I hate all the mock draft crap that is out there concerning the NFL Draft. If I have to see Mel Kiper Jr's head on ESPN one more time I swear I am going to lose it. Just have the draft, already!
That said, the draft will occur this weekend, and we could see a handful of Boilermakers join Ryan Kerrigan and Mike Neal as recent selections.
This week I'll try to do a profile on each of the possible Purdue draftees and their chances. It is different from a mock draft, because I am not trying to guess what team is going to do with the 167th pick if the 166th is traded to the Toronto Argonauts in front of them. It is more of a final send off for guys that put in 4-5 years of hard work in West Lafayette.
First up is the only Boilermaker who was invited to the NFL combine; Carson Wiggs.
The Man With The Bionic Leg
To be a kicker invited to the NFL combine you have to be something special. Carson received that invite in February and came to Indianapolis to showcase his skills. No, he was not asked to kick form Monument Circle through the open window at Lucas Oil Stadium, but I think most Purdue fans agree that he might be able to give that a try.
While accuracy was an issue at times, there is no question that Carson had a live leg. He has kicked the five longest field goals in Purdue history, including a record 59-yarder that still hit the back of the net in the 2009 season opener against Toledo. A 67-yarder against a very light rush also found the back of the net in last year's spring game, and it would have broken the NFL record by four yards. Put him in Denver with a wind at his back and 70 yards is a realistic try.
This past season Carson was 39 of 40 on PATs and 19 of 25 on field goals with one block. That moved him to 56 of 76 for his career, and he had a major role in the 2009 upset of No. 7 Ohio State by hitting on four field goals there, including a 55-yarder. His shortest miss was a 31-yarder this year, but that was blocked at Rice in what would have been the game-winner.
Most of his kicking marks are short of only Travis Dorsch in program history, who was picked by the Cincinnati Bengals ten years ago. Dorsch was drafted as a punter, however, and that is a position which could get Wiggs some interest. Wiggs was more consistent than Dorsch was, and he has some other intangibles that may help.
While at Purdue the Boilers converted at least five onside kicks with Wiggs as the kickoff specialist, including two in this year's bowl game against Western Michigan. One of those he even recovered himself.

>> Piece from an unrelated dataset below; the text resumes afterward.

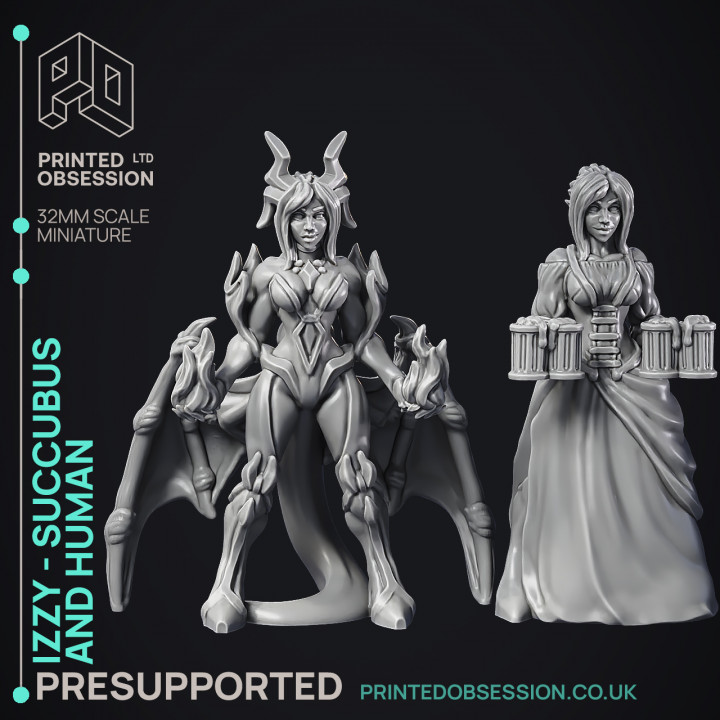 Succubus & Incubus Collection - 14 models 7 demon 7 human disguise - PRESUPPORTED - 32 mm Scale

Wigs had a pretty solid performance at this year's Senior Bowl, even without the Perfect Storm of blogging hero Kevin Ballinger and Cody Webster as his partners in crime:
"Carson has a natural, fluid kick, which made it easy for us to build chemistry quickly," former Wisconsin punter Brad Nortman, the holder on Wiggs' kicks, said. "His ability to focus under pressure really stood out to me. Every opportunity he had to perform in front of scouts, he had the confidence and focus to dominate, which he did."
During the week of practice leading up to Saturday's game, Wiggs also received high praise for his kickoff ability, frequently booting touchbacks five yards deep into the end zone against heavy winds.
"The coaches said they were impressed with my leg strength," Wiggs said. "It's good to work with guys at the next level and get the professional point of view. I learned a lot."
Wiggs was one of the top performers of the Senior Bowl, hitting three field goals from 27, 32, and 28 yards in addition to kicking two extra points in the North team's 23-13 victory. Nortman said Wiggs was one of the top performers during the week of practice leading up to Saturday's game.
Overall, I think you'll hear Carson's name called on the third day in one of the later rounds. He has the leg to be a kickoff specialist that regularly finds the end zone, and in close games his ability to hit from 65 yards cannot be overestimated. Among regular kickers in the NFL last year Dave Rayner, Shaun Suisham, Graham Gano, Josh Brown, and Billy Cundiff struggled the most. The Bills used three kickers, while the Ravens and Chargers each used two.
The Browns are also a possible destination, as they had the fewest touchbacks in the NFL by far with only 10. The Rams had 15, and the Jets had 17. Of course, in the case of the Rams and Browns, you have to actually score to kick off and get touchbacks. The Colts could also be a destination, since Adam Vinatieri is not getting any younger.
Unfortunately, kickers are not often drafted. There are generally only one or two drafted each year, and the jobs are pretty scarce. If he's not drafted, Wiggs will definitely get a look as a free agent somewhere.